El nombre había flotado frente a ella, como perfume en una habitación cerrada. Y ahora, allí estaba —esbelta, serena, enmarcada en el elegante halo de la araña de luces. Su cabello brillaba como platino hilado, ondulándose suavemente en las puntas. Su vestido —un lavanda profundo adornado con encaje de hilos plateados— se ceñía y caía en todos los lugares correctos, modesto y majestuoso, pero imposible de ignorar.

Era hermosa.

Innegablemente.

Valeria la observaba con una mirada que ni se estrechaba ni se suavizaba —simplemente estudiaba. La joven le recordaba a algo esculpido. No mármol, como diría la mayoría de la corte. No, Isolde tenía la suavidad de la porcelana. Una delicadeza pintada. Líneas suaves, movimiento sin esfuerzo. No frágil —pero compuesta de una manera que daba la ilusión de gentileza.

Una muñeca.

Esa era la palabra que surgió en la mente de Valeria mientras observaba los dedos de Isolde moverse —ligeros y practicados mientras los entrelazaba frente a ella. Como si el mundo fuera algo para lo que había sido entrenada a sostener, y que nunca dejaría caer.

Y todos los demás también lo sentían.

Se inclinaban hacia ella. Sonreían más ampliamente. Incluso la tensión en los nobles más indisciplinados disminuía, su postura inconscientemente cambiando para acomodar la presencia que los había honrado.

Valeria no se sentía amenazada.

No de la manera en que Jesse la hacía sentir. Jesse tenía viento de tormenta dentro. Impredecible. Crepitante. Un paso demasiado cerca para quebrarse. ¿Pero esta chica?
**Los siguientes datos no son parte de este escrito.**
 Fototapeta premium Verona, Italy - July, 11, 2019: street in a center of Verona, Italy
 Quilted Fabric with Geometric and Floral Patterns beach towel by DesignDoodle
Esta chica se sentía… limpia.

Demasiado limpia.

Valeria la había notado cuando entró —por supuesto que lo había hecho. Una no ignora a la futura Princesa del Imperio. E incluso entonces, antes de que se intercambiara una sola palabra, una parte de ella había pensado:

Hermosa.

Pero ahora, mientras la voz de Isolde acariciaba el aire como cinta de terciopelo, mientras desviaba y desactivaba con la misma gracia que una espada entrenada en la corte… Valeria sintió algo desconocido contraerse bajo su piel.

No era sospecha.

Era…

Reconocimiento.

Cuando Isolde habló de Lucavion —personas que desafían una fácil explicación… que cambian dependiendo de quién mire…—, Valeria sintió sus dedos flexionarse ligeramente contra el tallo de su copa.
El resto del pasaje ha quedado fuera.